I did some checking and found that the reason for the duplications is as follows:SemMed codes all named entities using UMLS conceptsThere are many UMLS concepts can be mapped to terms in multiple vocabularies. This leads to multiple ways to get to a rxnorm drug and snomed HOI. E.g, In the example below, the UMLS concept is C0033953 (sexual dysfunction) which is mapped to:
---------------------
concept_id | concept_name | domain_id | vocabulary_id | concept_class_id | standard_concept | concept_code | valid_start_date | valid_end_date | invalid_reason
------------+-----------------------+-----------+---------------+------------------+------------------+--------------+------------------+----------------+----------------
36919181 | Psychosexual disorder | Condition | MedDRA | PT | C | 10037222 | 1970-01-01 | 2099-12-31 |
concept_id | concept_name | domain_id | vocabulary_id | concept_class_id | standard_concept | concept_code | valid_start_date | valid_end_date | invalid_reason
------------+------------------------------------+-----------+---------------+------------------+------------------+--------------+------------------+----------------+----------------
45611093 | Sexual Dysfunctions, Psychological | Condition | MeSH | Main Heading | | D020018 | 1970-01-01 | 2099-12-31 |
-----------------
Thus, the SPARQL query that pulls the count data should use a distinct for the drug, hoi, modality, and study type but currently does not because I include the oa id (?an) which could result in differences based on how the UNION operates.---------------------
PREFIX ohdsi:<http://purl.org/net/ohdsi#>
PREFIX oa:<http://www.w3.org/ns/oa#>
PREFIX meddra:<http://purl.bioontology.org/ontology/MEDDRA/>
PREFIX ncbit: <http://ncicb.nci.nih.gov/xml/owl/EVS/Thesaurus.owl#>
PREFIX foaf: <http://xmlns.com/foaf/0.1/>
PREFIX poc: <http://purl.org/net/nlprepository/ohdsi-pubmed-semmed-poc#>
SELECT count(distinct ?an) ?drug ?hoi ?modality ?studyType
FROM <http://purl.org/net/nlprepository/ohdsi-pubmed-semmed-poc>
WHERE {
?an a ohdsi:SemMedDrugHOIAnnotation;
oa:hasTarget ?target;
oa:hasBody ?body.
?target ohdsi:MeshStudyType ?studyType.
?body poc:modality ?modality.
{?body ohdsi:ImedsDrug ?drug.}
UNION { ?body ohdsi:adeAgents ?agents. ?agents ohdsi:ImedsDrug ?drug. }
{?body ohdsi:ImedsHoi ?hoi.}
UNION { ?body ohdsi:adeEffects ?effects. ?effects ohdsi:ImedsHoi ?hoi. }
}
------------
So, I will have to fix this but there is no time before the F2F. So, I will remove duplicates at the WebAPI level until I run this corrected query and reload semmed data:-----------------------
PREFIX ohdsi:<http://purl.org/net/ohdsi#>
PREFIX oa:<http://www.w3.org/ns/oa#>
PREFIX meddra:<http://purl.bioontology.org/ontology/MEDDRA/>
PREFIX ncbit: <http://ncicb.nci.nih.gov/xml/owl/EVS/Thesaurus.owl#>
PREFIX foaf: <http://xmlns.com/foaf/0.1/>
PREFIX poc: <http://purl.org/net/nlprepository/ohdsi-pubmed-semmed-poc#>
SELECT count(distinct ?drug ?hoi ?modality ?studyType)
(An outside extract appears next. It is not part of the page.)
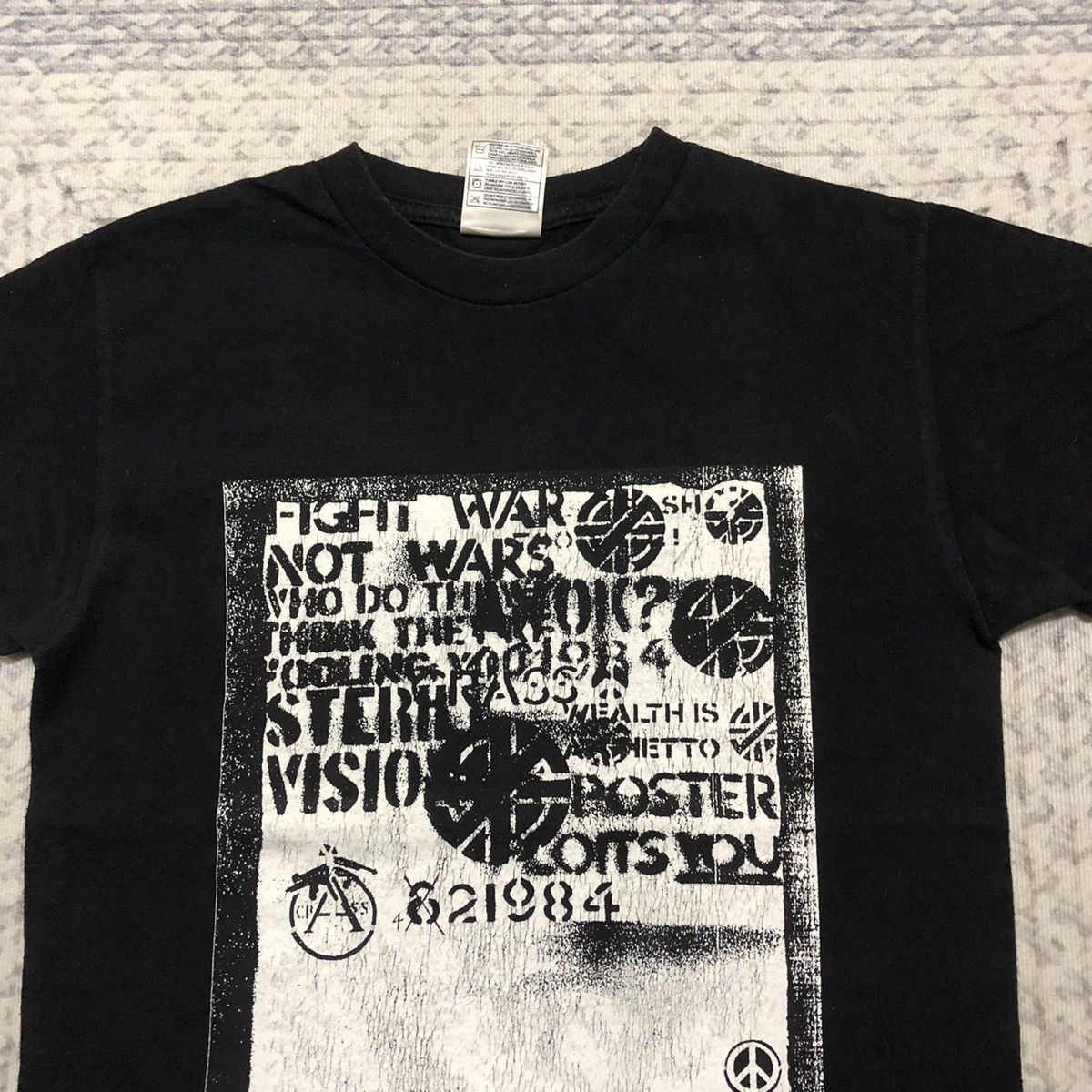 Band Tees × Vintage Very Rare Distressed Vintage Crass Band Punk Tees Size US XXS / EU 40 - 2 Thumbnail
FROM <http://purl.org/net/nlprepository/ohdsi-pubmed-semmed-poc>
WHERE {
?an a ohdsi:SemMedDrugHOIAnnotation;
oa:hasTarget ?target;
oa:hasBody ?body.
?target ohdsi:MeshStudyType ?studyType.
?body poc:modality ?modality.
{?body ohdsi:ImedsDrug ?drug.}
UNION { ?body ohdsi:adeAgents ?agents. ?agents ohdsi:ImedsDrug ?drug. }
{?body ohdsi:ImedsHoi ?hoi.}
UNION { ?body ohdsi:adeEffects ?effects. ?effects ohdsi:ImedsHoi ?hoi. }
}
Btw, the reason for the difference in counts is that there is one article tagged with UMLS C0020594 (hypoactive sexual desire disorder) that gets mapped to MeSH D020018. Right now, so it gets picked up by one oa but not the other. This will be merged in the distinct set when the query is corrected.